Tim Engel <[EMAIL PROTECTED]> wrote:
Brent,

There's no-fiber, short fiber, and long-fiber versions of Bondo. The
no-fiber is the creamy version you remember.

Bondo and the competitive polyester body fillers are all heavier than you
should use on a model aircraft. A mixture of epoxy and micro-balloons is
much lighter and sands more easily. Mix the epoxy then stir in enough
micro-balloons to make a dry, stiff mix. More micro-balloons makes for a
lighter filler. More epoxy is wetter and heavier.

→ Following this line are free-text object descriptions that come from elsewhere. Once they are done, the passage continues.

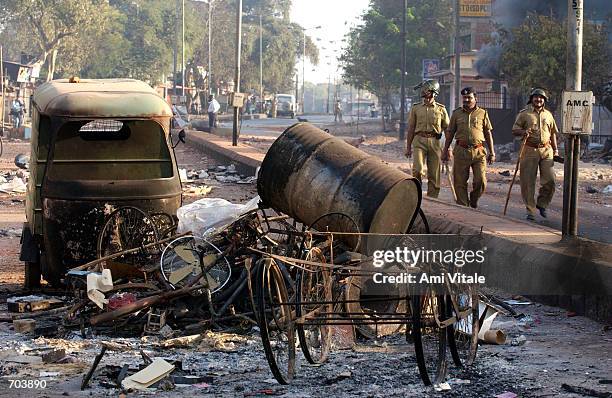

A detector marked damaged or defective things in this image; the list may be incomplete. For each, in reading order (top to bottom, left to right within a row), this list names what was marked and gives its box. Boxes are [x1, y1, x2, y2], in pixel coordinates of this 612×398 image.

burned auto-rickshaw [20, 77, 183, 288]
burned vehicle wreckage [15, 81, 482, 386]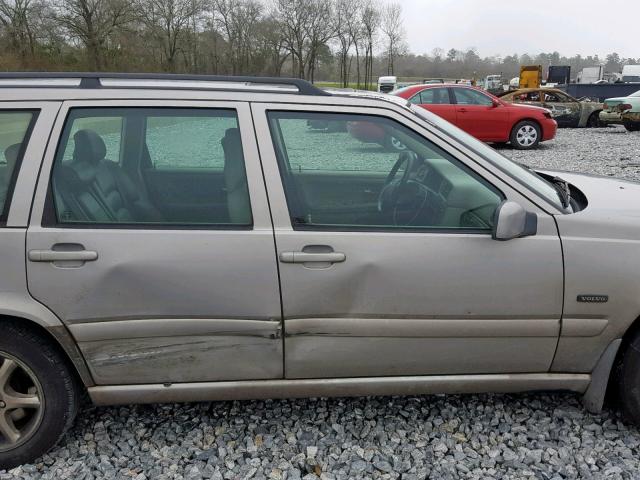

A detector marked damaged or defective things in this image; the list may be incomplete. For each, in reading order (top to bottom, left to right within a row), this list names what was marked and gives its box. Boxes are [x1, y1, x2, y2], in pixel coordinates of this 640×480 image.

damaged body panel [502, 87, 604, 126]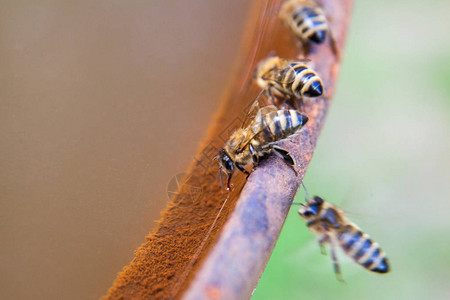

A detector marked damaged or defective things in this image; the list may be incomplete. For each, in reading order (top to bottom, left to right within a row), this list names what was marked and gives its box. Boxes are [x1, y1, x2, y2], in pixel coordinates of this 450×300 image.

brown rust surface [104, 0, 352, 298]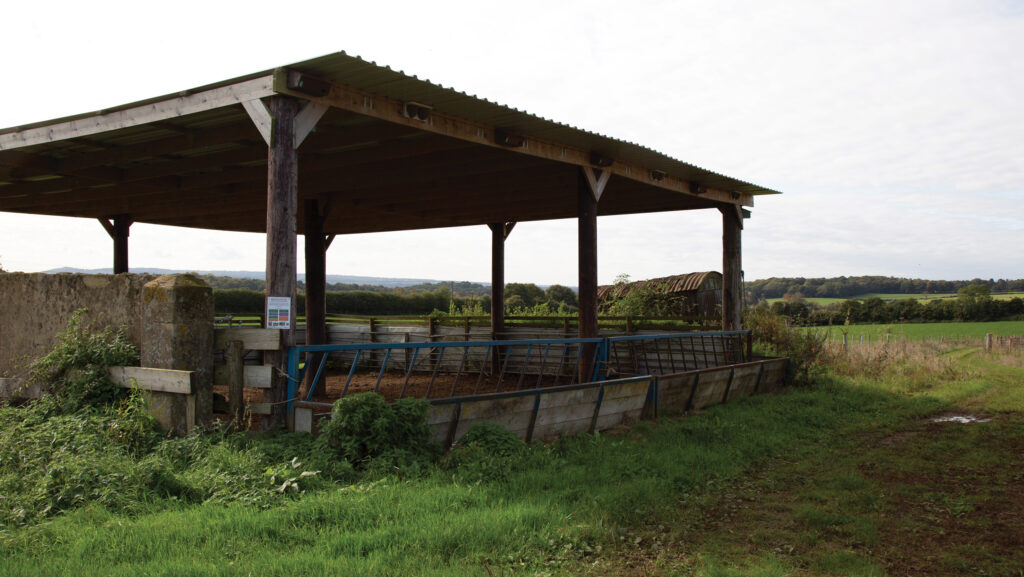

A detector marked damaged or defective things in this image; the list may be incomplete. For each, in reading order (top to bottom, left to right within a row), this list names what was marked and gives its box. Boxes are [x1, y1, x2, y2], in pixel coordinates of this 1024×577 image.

rusted old barn [0, 51, 780, 430]
rusted old barn [596, 272, 724, 318]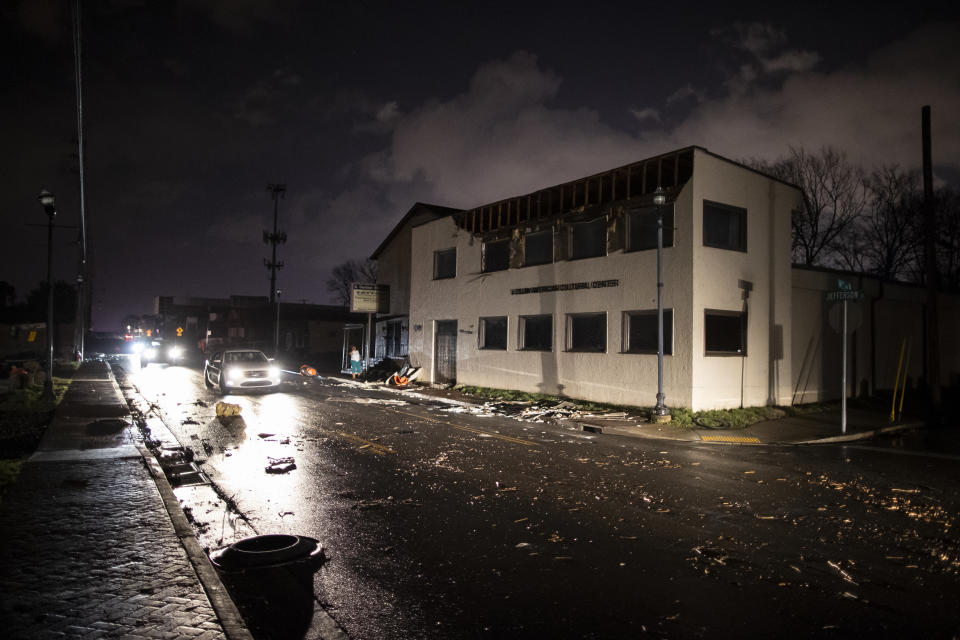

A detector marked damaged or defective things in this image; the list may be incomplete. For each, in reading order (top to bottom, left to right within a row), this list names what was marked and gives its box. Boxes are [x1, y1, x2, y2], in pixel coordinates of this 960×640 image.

missing roof section [458, 146, 688, 234]
broken window [434, 248, 456, 280]
broken window [480, 238, 510, 272]
broken window [520, 229, 552, 266]
broken window [568, 218, 608, 260]
broken window [624, 208, 676, 252]
broken window [700, 201, 748, 251]
broken window [480, 316, 510, 350]
broken window [520, 314, 552, 350]
broken window [568, 312, 604, 352]
broken window [628, 310, 672, 356]
broken window [700, 310, 748, 356]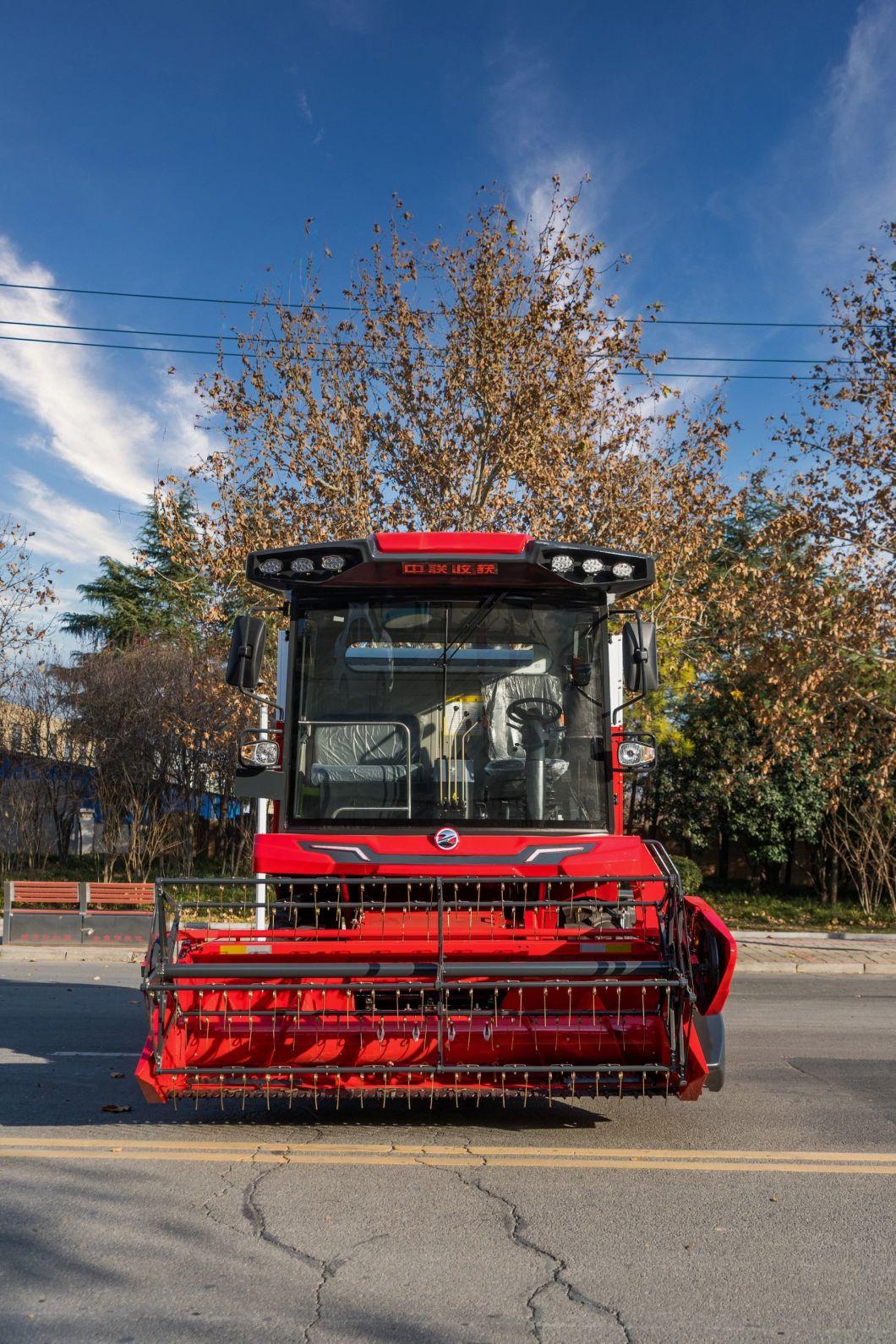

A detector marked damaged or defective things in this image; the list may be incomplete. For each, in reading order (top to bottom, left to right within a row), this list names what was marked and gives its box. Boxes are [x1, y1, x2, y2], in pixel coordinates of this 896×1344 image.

cracked pavement [2, 962, 896, 1338]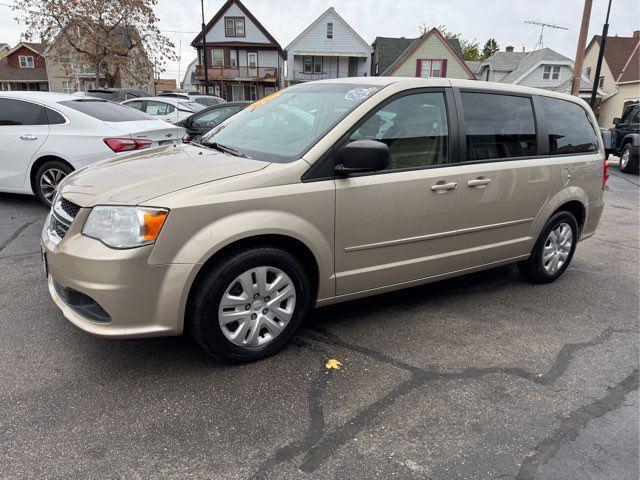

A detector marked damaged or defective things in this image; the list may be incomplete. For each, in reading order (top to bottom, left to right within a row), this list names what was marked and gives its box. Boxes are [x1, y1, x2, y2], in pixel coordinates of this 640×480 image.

cracked pavement [0, 168, 636, 476]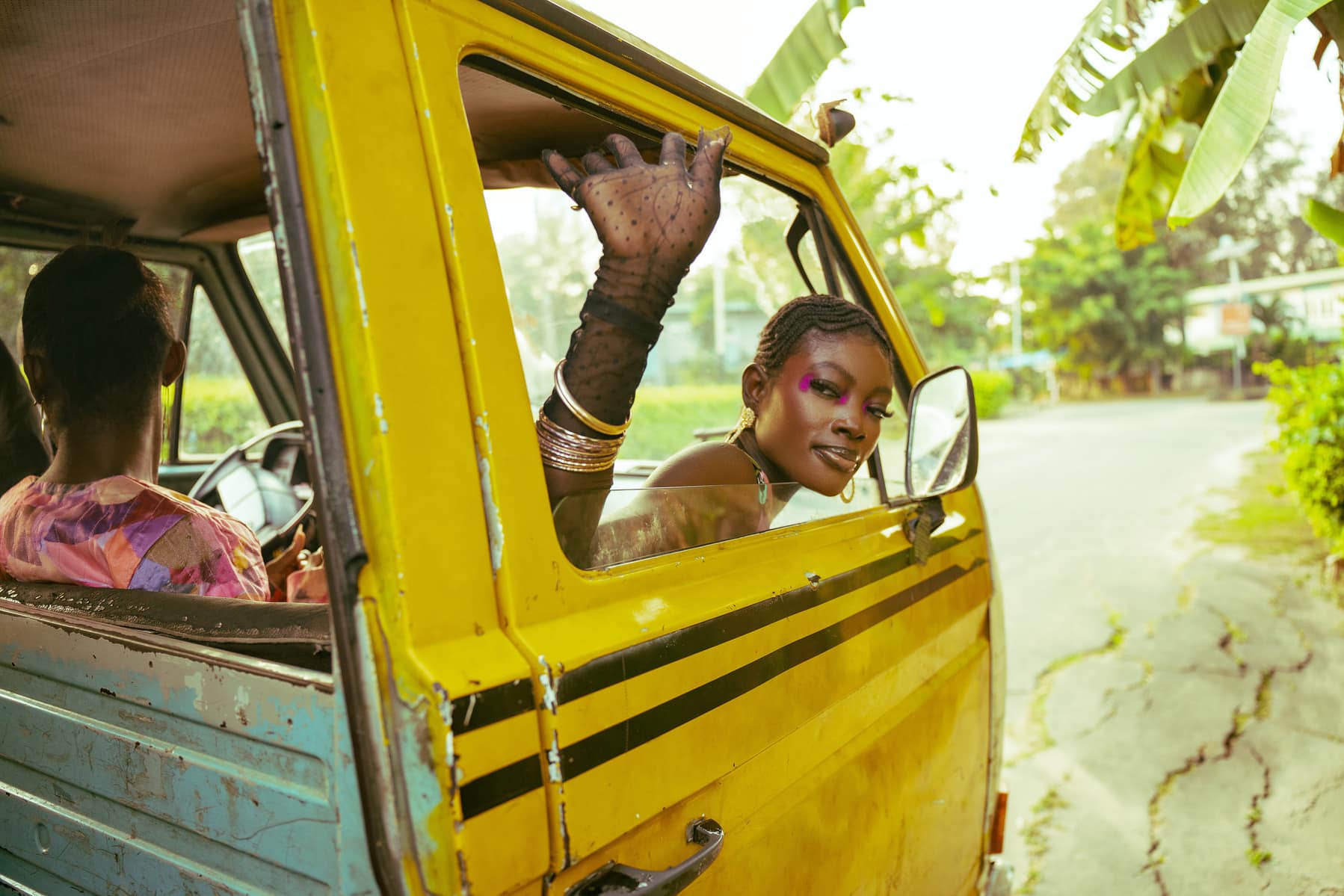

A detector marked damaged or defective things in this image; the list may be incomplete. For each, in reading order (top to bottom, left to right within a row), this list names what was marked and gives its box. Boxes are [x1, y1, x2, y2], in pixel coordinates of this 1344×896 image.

cracked pavement [975, 401, 1344, 896]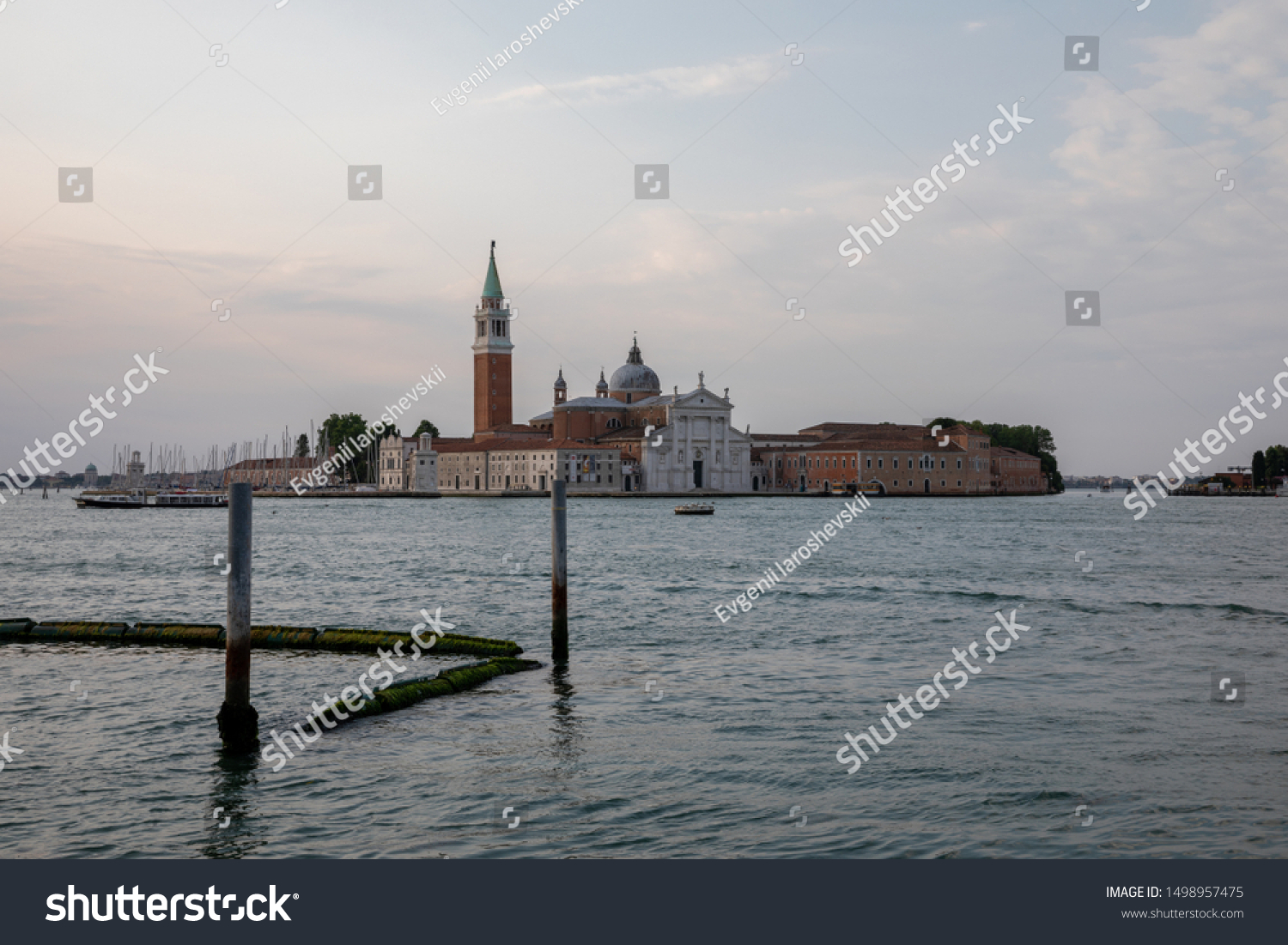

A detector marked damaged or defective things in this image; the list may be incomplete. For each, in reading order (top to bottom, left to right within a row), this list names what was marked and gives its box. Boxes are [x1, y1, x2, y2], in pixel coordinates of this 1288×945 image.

rusty metal pole [217, 484, 258, 752]
rusty metal pole [553, 477, 567, 663]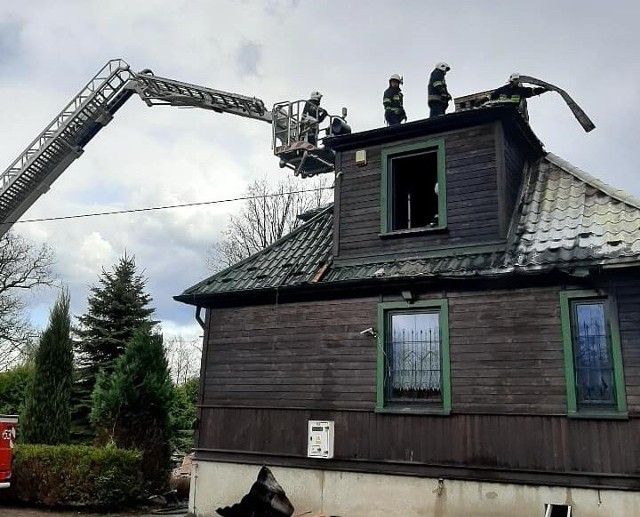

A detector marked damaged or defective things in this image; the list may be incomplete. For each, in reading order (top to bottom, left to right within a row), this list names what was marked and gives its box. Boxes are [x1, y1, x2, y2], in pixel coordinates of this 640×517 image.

broken window [380, 138, 444, 233]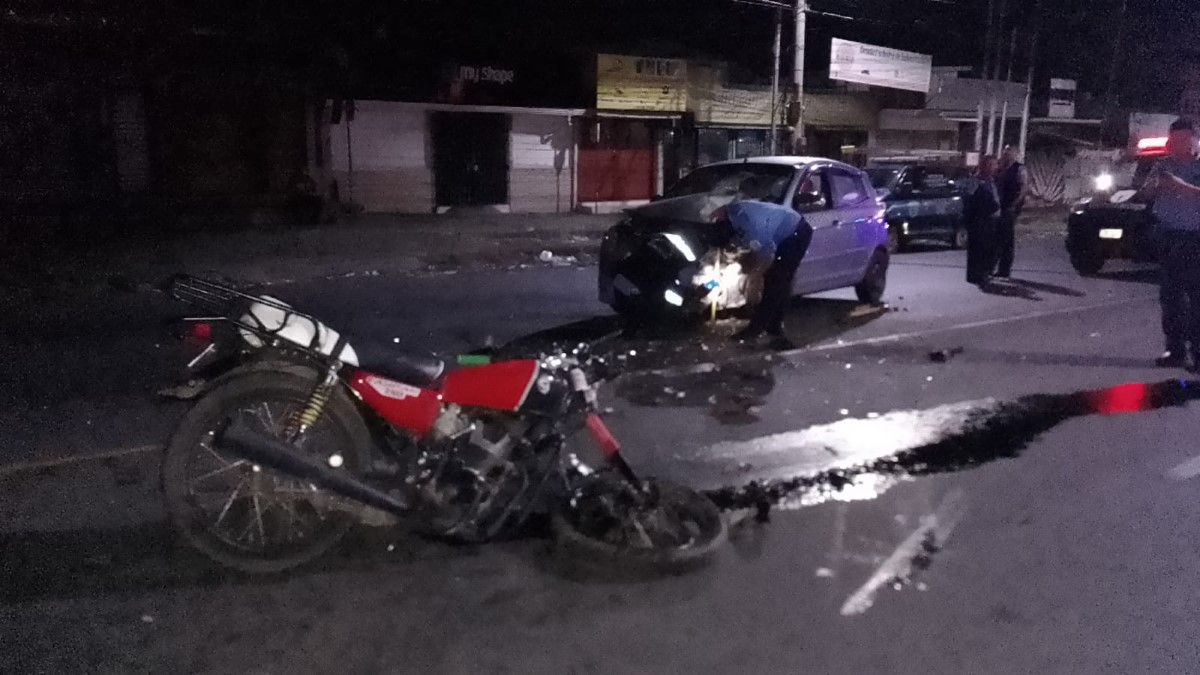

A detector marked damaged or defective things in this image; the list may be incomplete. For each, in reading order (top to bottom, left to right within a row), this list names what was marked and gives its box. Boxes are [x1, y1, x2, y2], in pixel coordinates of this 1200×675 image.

For small spot filling (less weight build up), polyester spot filler is an
air-dry product (no mixing) that comes in a tube. However, it also
stinks... all polyester resin products do. Polyester is not
house-friendly unless you live alone and have no sense of smell. Or,
unless you want to live alone.

Good luck,
Tim



----- Original Message -----
From: "Brent" <[EMAIL PROTECTED]>
To:
Sent: Tuesday, October 25, 2005 8:24 PM
Subject: [RCSE] What happened to bondo?


> I'm doing a wing fairing on a scale ship, and I just did a small batch of
> short fiber Bondo - wow, does that stink.
>
> I hadn't used this since my old Torino (back in the 70-80s), and it used
to
> be pink and fairly tame; at least that's what I remember. Now it's green,
> and my shop (the whole house) reeks. I think I passed out at some point,
> and I only mixed an apple sauce package worth.
>
> I think I'm committed now, but is there a better way? Epoxy and carbosil?
> I got the bondo tip from a pretty good scale ship guy, but he must have a
> better ventilation system than I do.